Comment:
En 1816, Delacroix fait la connaissance de Charles Soulier (1792-1866), par l'intermédiaire de leur ami commun Horace Raisson. Soulier vit dans une soupente de la place Vendôme. Il a appris l'aquarelle auprès de Copley Fielding en Angleterre et initie le jeune Eugène à cette technique. Les deux jeunes artistes mettent en couleur des dessins d'ingénierie mécanique pour gagner quelques sous. Eugène Delacroix réalise un portrait en pied de son ami (perdu), ainsi qu'un buste au lavis. Delacroix restera proche de Soulier tout au long de sa vie, comme ce dernier le rapportera à Burty : " Notre amitié, malgré nos séparations répétées, ne s'est point altérée. (…) Nous nous retrouvions toujours, et cela a duré tant que mon cher, bien cher ami, a vécu1.". Delacroix lui lèguera le portrait inachevé resté dans son atelier2 ainsi qu'une somme d'argent.

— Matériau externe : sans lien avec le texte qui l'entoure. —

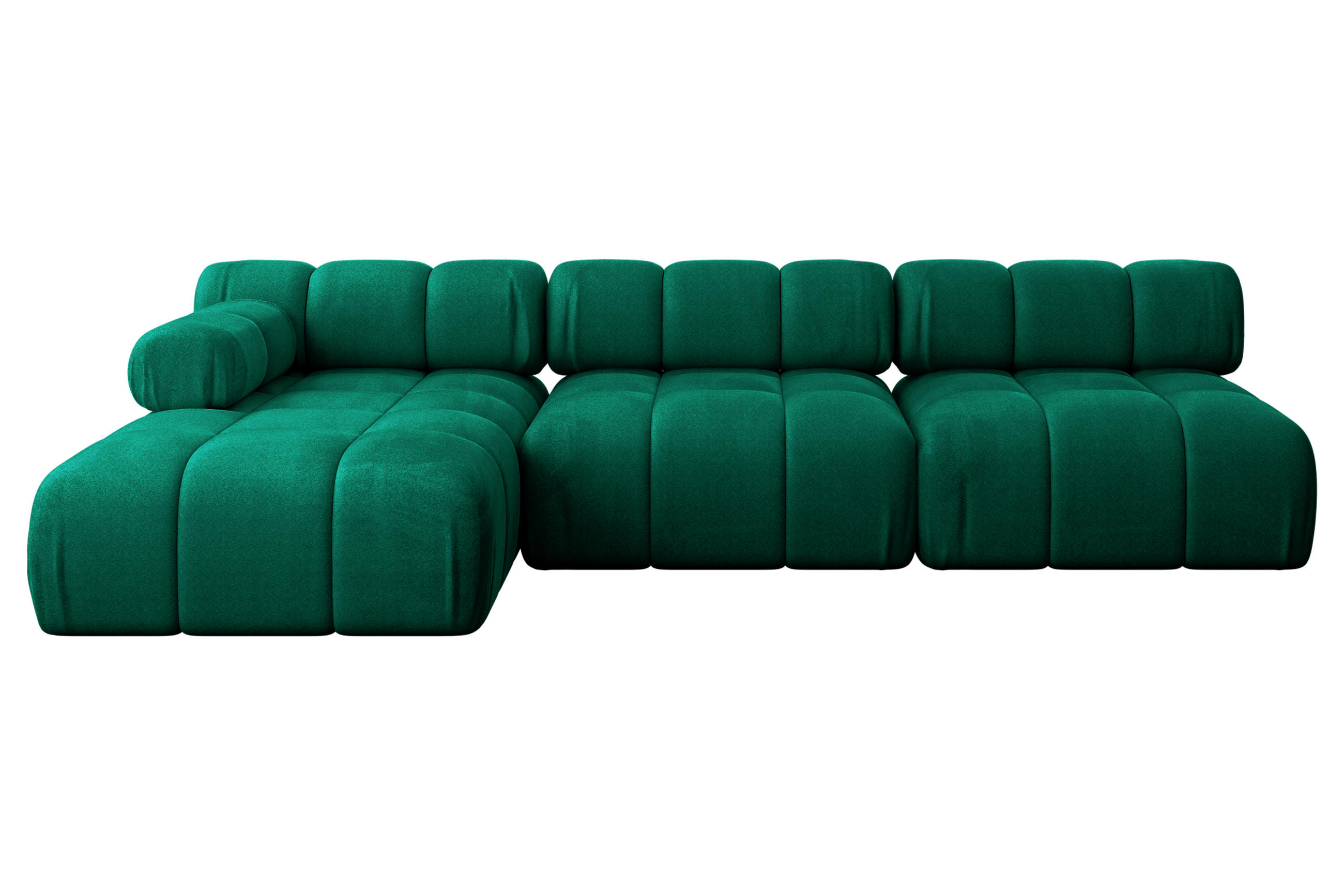 ECKSOFA modulares Sofa Razon-L2 - 285x160x70 cm Dunkelgrün Velours - Dunkelgrün, Holzwerkstoff/Textil (285/160cm) - ALTDECOR
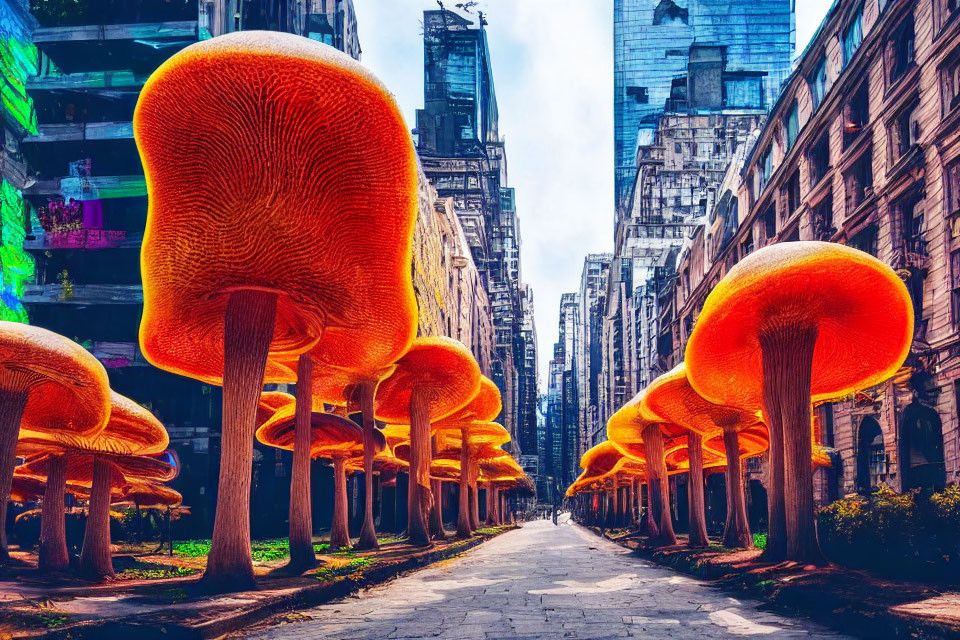 Fantastical mushrooms on city street among modern buildings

Delacroix avait coutume de dessiner chez ses amis par délassement lorsqu'ils se retrouvaient. Robaut rapporte dans son catalogue raisonné publié en 1885 que cette aquarelle fut improvisée un soir chez Soulier. Il s'agit donc d'une aquarelle réalisée peu après son retour du Maroc, dans une évocation pour son ami de ces hommes fiers qu'il comparait aux Romains de l'Antiquité. La figure allongée à même le sol, nus pieds, s'accommode sans broncher de son lit de pierres, dans une resplendissante tunique blanche au liseré d'un bleu cobalt. Dans le fond, un cavalier précédé d'un compagnon à pied, passe lentement. Ici, semble nous indiquer silencieusement ce philosophe, tout passe mais rien ne change.
On peut rapprocher cette aquarelle par son esprit de la composition des Arabes d'Oran datée de 1837, qui répète un tableau de 18343, quoique dans une tonalité plus terne. On retrouve cet esprit de fatalisme impassible, ici si lumineusement éclairé par les réserves de blanc de la tunique et les carnations rougeoyantes. Le dessin, plus posé que dans les aquarelles réalisées pendant le voyage au Maroc, s'aiguise dans les accents précis et anguleux, qui sculptent les chairs. Delacroix nous livre là une leçon méditée d'orientalisme.
1. 'Correspondance générale d'Eugène Delacroix', vol. 1, Paris, 1935, p. 38.
2. A. Robaut, 'op. cit.', p. 34, n° 105.
3. Voir A. Brejon de Lavergnée et J.-P.Cuzin, 'Delacroix, le voyage au Maroc', cat. exp. Paris, Institut du Monde Arabe, 1994-95, n°70, repr.